DC Down Under: Why Crossing Australia’s Nullarbor Plain in an EV Is No Easy Task
Rogue kangaroos and the rarity of chargers are only the beginning of what makes crossing this desolate place risky in an EV.
This week, myself and our Aussie nighttime editor Lewin Day are driving a Kia EV6 across the Australian Outback to push rural EV public charging to the limit. One of our biggest obstacles will be crossing one of the most desolate places on Earth: the Nullarbor Plain. Its name, pronounced null-er-boar, is Latin for no tree, which only scratches at the surface of why life there is tricky—and traveling in an EV, even more so.
Once a seabed, the Nullarbor was heaved from the ocean 14 million years ago by seismic activity, exposing the largest area of limestone bedrock on the planet. At 76,000 square miles, it's almost the size of Nebraska, stretching almost 700 miles across at its widest point. Scientists believe it was once home to a sprawling forest, but the region has since dried out, and the trees have disappeared, leaving a landscape that's strikingly plain. Hence, the name.

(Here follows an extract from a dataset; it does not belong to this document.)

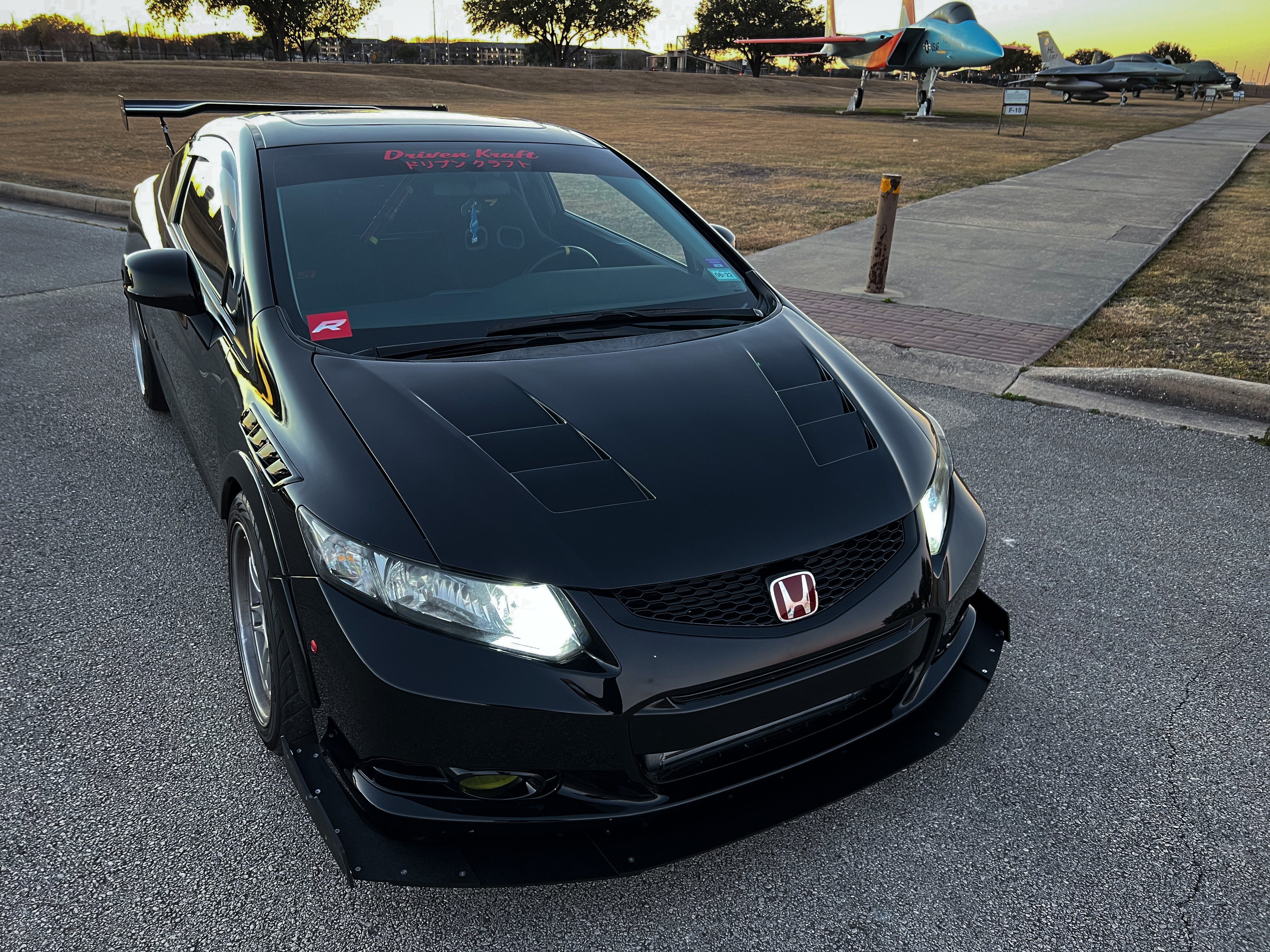 Front three-quarter view of a black Civic Si Coupe Zenki with front splitter at an airfield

[Welcome to project DC Down Under, where The Drive is sending the indomitable Lewin Day and James Gilboy across 1,700 miles of the Australian Outback over the span of five days in a Kia EV6. Electric cars in 2022 thrive in places where there's a healthy number of public chargers; doing so across the Nullarbor Plain is another matter altogether. Follow along with Lewin and James' journey on our Twitter and Instagram accounts with the hashtag #DCDownUnder and watch this space for updates. This is the second story in the series. You can read the first one here.]
The Nullarbor is quintessential, capital-O Outback, and it's populated exactly as you expect: with kangaroos, dingoes, emus, wombats, and—stop reading here, Mom—the second most venomous snake in the world, the eastern brown snake. Also, feral camels. (The British imported them from India, expecting they'd die off, but they thrived instead.)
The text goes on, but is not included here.